Computer Science ›› 2020, Vol. 47 ›› Issue (1): 193-198.doi: 10.11896/jsjkx.181202261

• Artificial Intelligence • Previous Articles     Next Articles

Chinese Short Text Keyphrase Extraction Model Based on Attention

YANG Dan-hao,WU Yue-xin,FAN Chun-xiao   

  1. (School of Electronic Engineering,Beijing University of Posts and Telecommunications,Beijing 100089,China)
  • Received:2018-12-05 Published:2020-01-19
  • About author:YANG Dan-hao,born in 1994,master.His main research interests include natural language processing;FAN Chun-xiao,born in 1962,professor.Her main research interests artificial intelligence and internet of things.

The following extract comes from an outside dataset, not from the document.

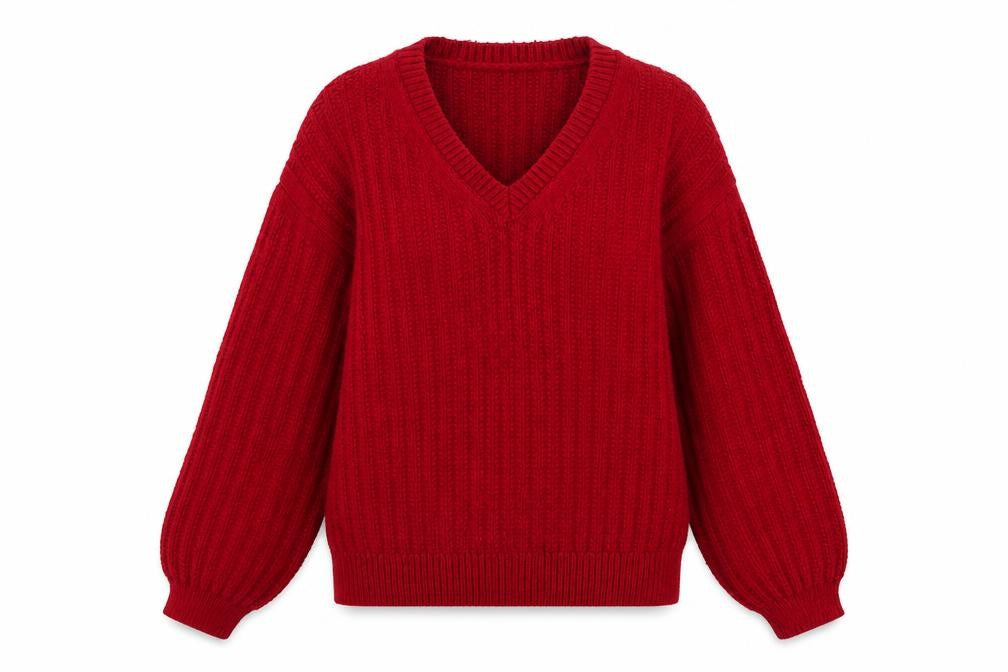 Front view of Marks & Spencer Women Red Chunky-Knit V-Neck jumper, size S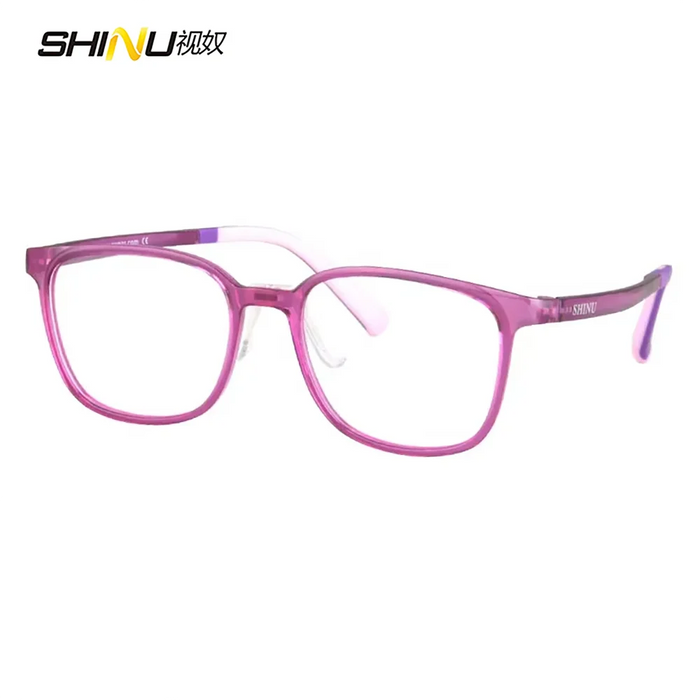 SHINU Lunettes pour enfants 2025 Monture en plastique PPSU Anti-lumière bleue Verres d'ordinateur Lunettes roses pour enfants Monture sans correction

Abstract: Keyphrase extraction technology is a research hotspot in the field of natural language processing.In the current keyphrase extraction algorithm,the deep learning method seldom takes into account the characteristics of Chinese,the information of Chinese character granularity is not fully utilized,and the extraction effect of Chinese short text keyworks still has a large improvement space.In order to improve the effect of the keyphrase extraction for short text,a model for automatic keyphrase extraction abstracts was proposed,namely BAST model,which combines the bidirectional long short-term memory and attention mechanism based on sequence tagging model.Firstly, word vectors in the word granularity and character vectors in the character granularity are used to represent input text information.Secondly,the BAST model is trained,text features are extracted by using BiLSTM and attention mechanism,and the label of each word is classified.Finally,the character vector model is used to correct the extraction results of the word vector model.The experimental results show that the F1-measure of the BAST model reaches 66.93% on 8159 abstract data,which is 2.08% higher than that of the BiLSTM-CRF(Bidirectional Long Shoft-Term Memory and Conditional Random Field) algorithm,and is further improved than other traditional keyphrase extraction algorithms.The innovation of the model lies in the combination of the extraction results of the word vector and the character vector model.The model makes full use of the characteristics of the Chinese text information and can effectively extract keyphrases from the short text,and extraction effect is further improved.

Key words: Attention mechanism, Word embedding, Character embedding, Keyphrase extraction, LSTM

CLC Number: 

  • TP391